Beschenkt!

Das Leben hat uns nichts geschenkt, oder doch?
Viele interessante Begegnungen habe ich in der S-Bahn. Vor allem mit älteren Menschen, die mit ihrem Seniorenfahrschein, Pardon Isarcard65, durch München tingeln. Gewiss, die Coronasicherheitsmaßnahmen erschweren die Kommunikation, doch das hält manche nicht davon ab, trotzdem zu plaudern.

Ich traf eine Dame mit Rollator. Sie erzählte, dass sie vor 50 Jahren die Brasilianische Siegerin in der Disziplin Langstrecken-Schwimmen im offenen Meer war. Als General Figueiredo das Land beherrschte, floh sie nach Europa.

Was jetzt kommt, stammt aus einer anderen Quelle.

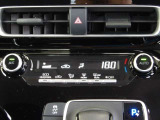 オートエアコンを装着しておりますので車内をお好みの快適な温度に保つことが可能です!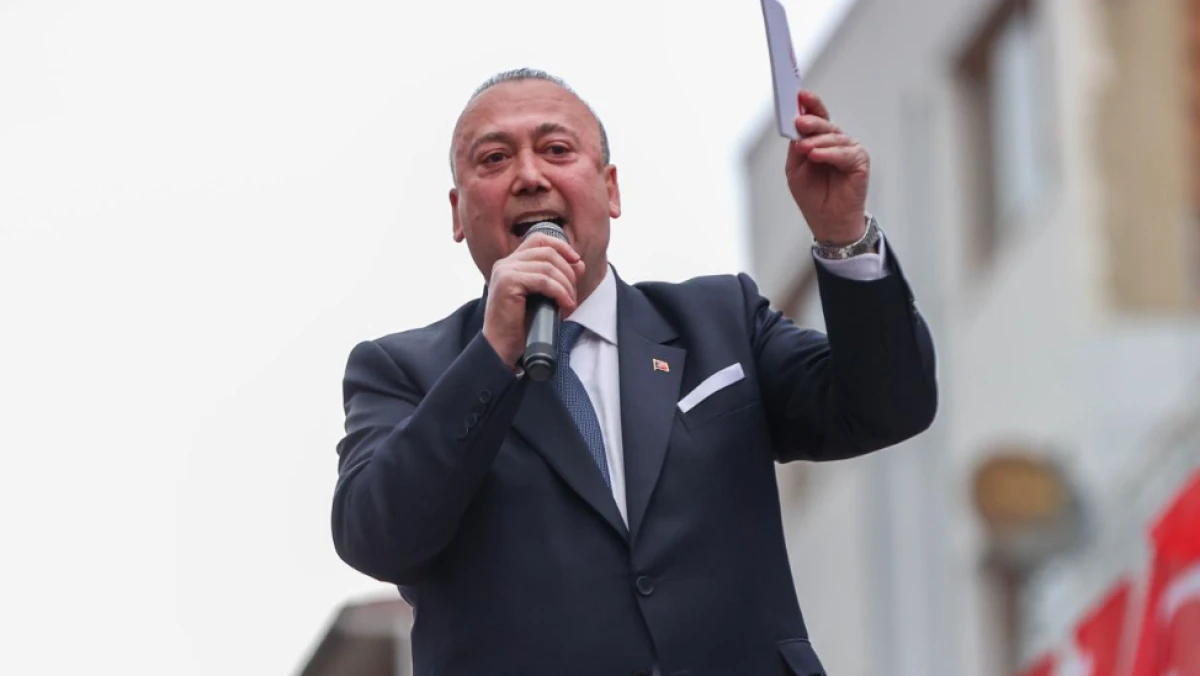 CHP'de &Ouml;zkan Yalım partisinden ihra&ccedil; edildi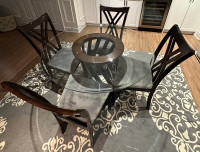 Round Glass Table with Chairs 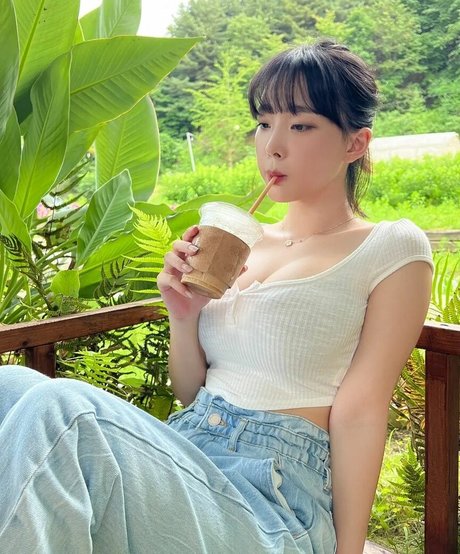 Inkyung erwachsene hübsche galerien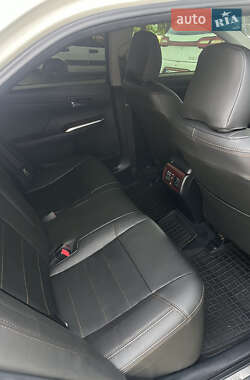 Седан Toyota Camry 2012 в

Die meisten Mitreisenden beschäftigen sich mit ihrem Smartphone und tragen Kopfhörer. Sie beamen sich aus dem Moment, bekommen nicht mit, was um sie herum geschieht. Sie bemerken nicht den Flaschensammler, der in die Abfallbehälter schaut. Sie sehen nicht die Mutter, die sich mit dem Kinderwagen müht. Sie hören nicht mehr das Gebrabbel von den Unzufriedenen. Ja, die fahren auch ständig S-Bahn. „Schleich di mit deim Glump.“ So motzt mich ein Herr an, weil meine Tasche den Nachbarsitz berührt. Es gibt die Döser und Nachdraußengucker, die Smartphonewischer und Zeitungsleser, die Gesprächigen und die Nörgler. Menschenskinder eben.

Leuchtende Farben
Die Stimme einer alten Dame bohrt sich in meinem Ohr: „Das Leben schenkt uns nichts. Nichts ist umsonst!“ Sie lamentiert und klagt. „Alles muss man sich erarbeiten. Alles!“ Dabei hebt sie den Zeigefinger und stempelt das Ausrufezeichen in die Luft. „Es wird einem nichts in den Schoss gelegt.“ Alles? Nichts?

Ich schaue aus dem Fenster, dabei gibt es nichts zu sehen. Die S-Bahn fährt unter der Stadt hindurch. Es ist dunkel, und ich überlege: Nichts wurde mir geschenkt? Aber mir wurde doch das Leben geschenkt, die Tatkraft am Tag und die Ruhe in der Nacht. Schlaf ist ein Geschenk. Der Körper darf sich regenerieren. Erlebtes wird verarbeitet. Erst wenn uns etwas den Schlaf raubt, fällt uns auf, wie wohltuend er ist.

Der Zug rollt in den nächsten Bahnhof. Jede Station leuchtet in einer anderen Farbe. Grün. Gelb. Weiß. Ich darf mich beschenken lassen von einer überwältigenden Natur, von Margeriten, die sich durch Betonritzen zwängen, von Amseln, die ihre Nester auf Fenstersimsen bauen und von Regentropfen, die das Licht in bunte Farben brechen.

Die Sonne scheint, selbst wenn der Himmel wolkentrüb ist. Jeden Morgen ist sie wieder da, ob wir den Tag begrüßen oder nicht. Wir stellen die Uhr nach ihr, ob wir Zeit haben oder nicht.

Den Moment gestalten
„Nächster Halt Marienplatz.“ Orange ist seine Farbe. Orange wie Signalwesten, Katastrophenschutz und Feuer. Orange wie die Wut, wie die Revolution in der Ukraine oder die Proteste gegen Frauengewalt „Orange your city“. Uns wurde die Sehnsucht nach Gerechtigkeit, Frieden und Freiheit geschenkt. Wo wären wir ohne unsere Träume und Visionen?

Aus dem Lautsprecher plärrt es: „Karlsplatz. Stachus.“ An der Oberfläche steht der Namensgeber für diesen Platz – Eustachius. Die Bronzefigur eines nackten Jungen sorgte bei seiner Errichtung vor über 100 Jahren für Aufsehen. (Empörte Münchner protestierten, indem sie dem Bildhauer 300 Schlüpfer schickten.) Heute sitzen die Menschen zu seinen Füßen, schwatzen, halten inne, schlecken Eis und lauschen den Straßenmusikern. Uns wurde die Fähigkeit geschenkt, den Moment zu gestalten, ihn mit Freude und Schönheit zu füllen.

Der Zug bremst. Ich halte mich am Griff fest. Meine Mitfahrerin steht direkt vor mir. Sie brubbelt noch immer in ihre FFP2-Maske. „Nichts wird einem geschenkt.“ Ein junger Mann öffnet die Tür und lässt sie vor. Diese freundliche Geste hat sie nicht bemerkt. Schade!